The majority of cases (90%) in children represent a primary congenital failure of the natural passive 1-way mechanism of the ureterovesical junction (UVJ) to maintain unidirectional urine flow. A minority of VUR cases (10%) occur secondary to abnormalities of the ureteral insertion in association with renal transplantation, ureterocele, ureteral duplication anomalies, obstruction of the bladder outlet (posterior urethral valves in boys), dysfunctional voiding, or constipation.
See the images of vesicoureteral reflux below.
Leonardo da Vinci was the first to describe and depict the UVJ. VUR was demonstrated experimentally in 1883, and the initial observation of VUR in humans was recorded in 1893. Reflux occurs naturally in some other species, including dogs, cats, and rabbits.
The average patient age at diagnosis is 2-3 years. With the advent of prenatal sonographic screening, the evaluation for hydronephrosis and possible contribution of vesicoureteral reflux (VUR) is being performed in the neonatal and infant period. Most cases of VUR resolve by about age 8 years, depending on the grade.
There is a documented association of VUR with congenital upper urinary tract abnormalities such as renal agenesis, multicystic dysplastic kidney, and obstruction of the ureteropelvic junction (UPJ).
Voiding cystourethrography (VCUG) is the screening urologic imaging study of choice. American urologists, pediatricians, and radiologists recommend this study to detect vesicoureteral reflux (VUR), ureterocele, posterior urethral valves in boys, or bladder wall thickening. [11, 12, 13] Up to 50% of children with proven urinary tract infection (UTI) undergoing VCUG have some degree of reflux. Sonography of the kidneys should be performed in conjunction with VCUG to document the size of the kidneys and to look for obstruction, hydronephrosis, or other congenital malformations. [7, 14, 15, 16] When VUR is found to distend the upper tract, postvoiding decompression at the upper tracts should be observed.
Reflux is generally intermittent and may escape detection on VCUG. This difficulty may be compounded by the desire to limit the child’s exposure to ionizing radiation as much as possible. The influence of body position on the occurrence and detection of reflux has not been well studied in children. Incomplete bladder filling decreases the sensitivity of the study.

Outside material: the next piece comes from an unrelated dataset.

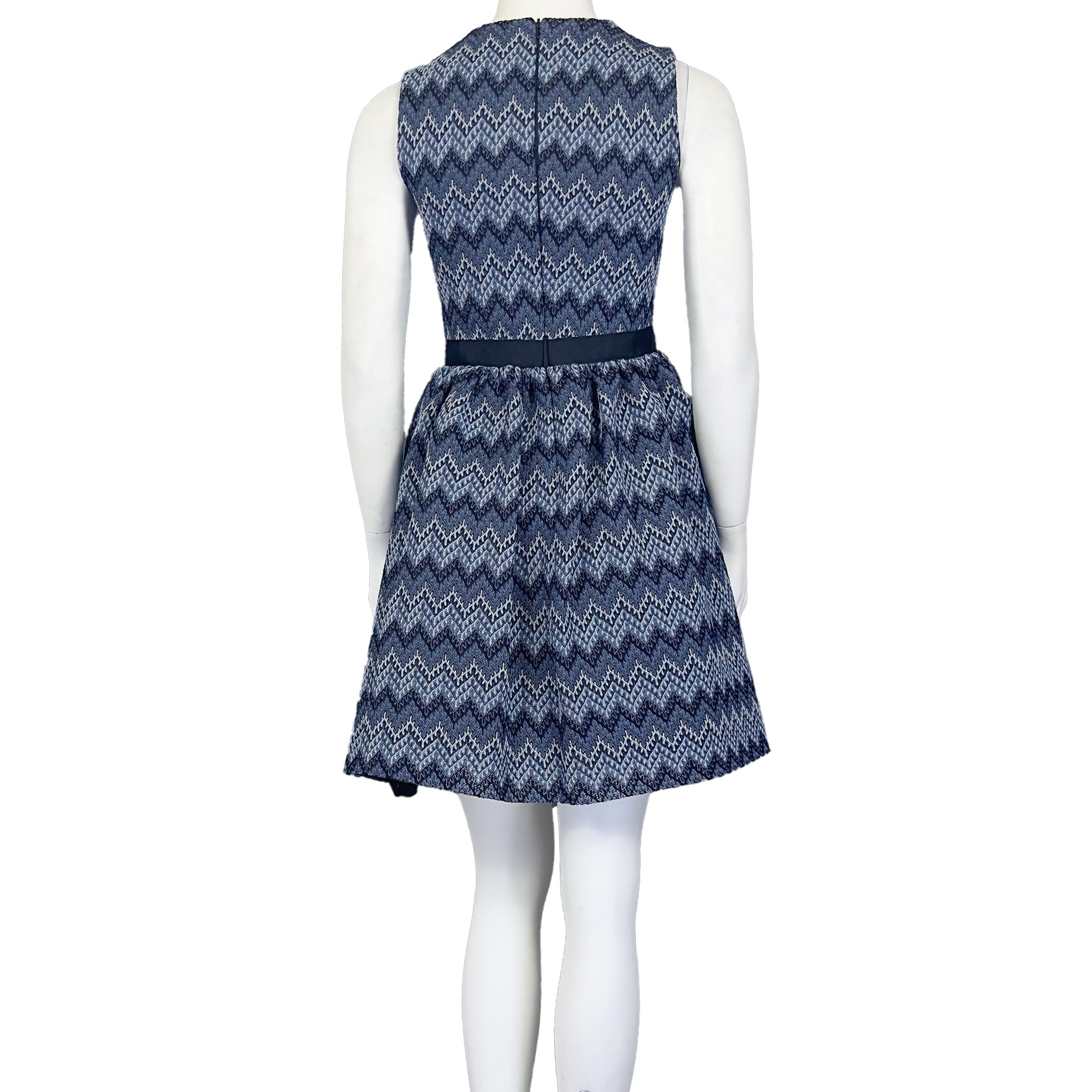 Verona Mood - maje Dress - MISHMASH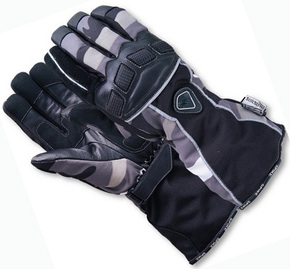 WORKER Hunter 15 motorcycle gloves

The results of sonographic evaluation for hydronephrosis or pelvicaliceal dilatation may vary greatly between the second and third trimesters. Abnormalities may not be detectable until the third trimester, later than the common second trimester screening examination.

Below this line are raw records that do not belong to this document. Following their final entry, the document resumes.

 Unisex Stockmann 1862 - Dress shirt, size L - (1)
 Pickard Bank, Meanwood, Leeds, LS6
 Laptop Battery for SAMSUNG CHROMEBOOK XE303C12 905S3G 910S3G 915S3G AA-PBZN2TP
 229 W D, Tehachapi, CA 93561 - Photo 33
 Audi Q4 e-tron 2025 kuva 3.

In the prenatal period, VUR is detected more frequently in boys than in girls, with a male-to-female of 5:1. Low-grade reflux is often associated with other prenatal urologic abnormalities. Mild pelviectasis is seen in 0.5-1% of all pregnancies. The widespread use of prenatal sonography has produced a marked increase in the early detection of urinary tract pathology in infants. The most common conditions identified are hydronephrosis and hydroureteronephrosis. Hydronephrosis is most often transient, but primary VUR is found in 10-40% of prenatally detected cases of hydronephrosis.
With the advent of prenatal sonographic screening, the evaluation for hydronephrosis, and subsequently VUR, is being performed in the neonatal period. The neonate with sonographic signs of renal pathology and possible reflux should be given prophylactic antibiotics and undergo VCUG. The risk of renal scarring from neonatal and infant reflux of infected urine is too great to ignore. [17, 18, 19]
According to Fefferman et al, fluoroscopically captured images are adequate in documenting the absence of vesicoureteral reflux (VUR) on VCUG examinations, making radiographic spot images unnecessary and thereby reducing patient exposure to radiation. The diagnostic accuracy of the fluoroscopically captured spot (FCS) images regarding binary characterization of reflux as negative or positive was 97.2%; the sensitivity of the FCS images was 92.6%; and the specificity of the FCS images was 98.6%. [1]
Menezes and Puri, in a study of 251 siblings of 215 index patients with grade III to V VUR, noted that the familial nature of VUR is well recognized but that the screening of siblings for VUR remains controversial. In their study, the authors found that the incidence of sibling VUR is maximal in patients younger than 3 years and that reflux in these patients is usually high grade and associated with a higher incidence of renal scarring. The authors recommended that screening be performed on all siblings who are younger than 3 years of index patients with grades III to V VUR. [3]
Radiologic evidence of renal scarring is present in 30-60% of children with VUR, and VUR is present in almost all children (97%) with severe renal scarring. However, most kidneys (60%) with acute cortical defects do not demonstrate reflux, which highlights that ascending urinary tract infection (UTI) is quite common despite the absence of demonstrated VUR.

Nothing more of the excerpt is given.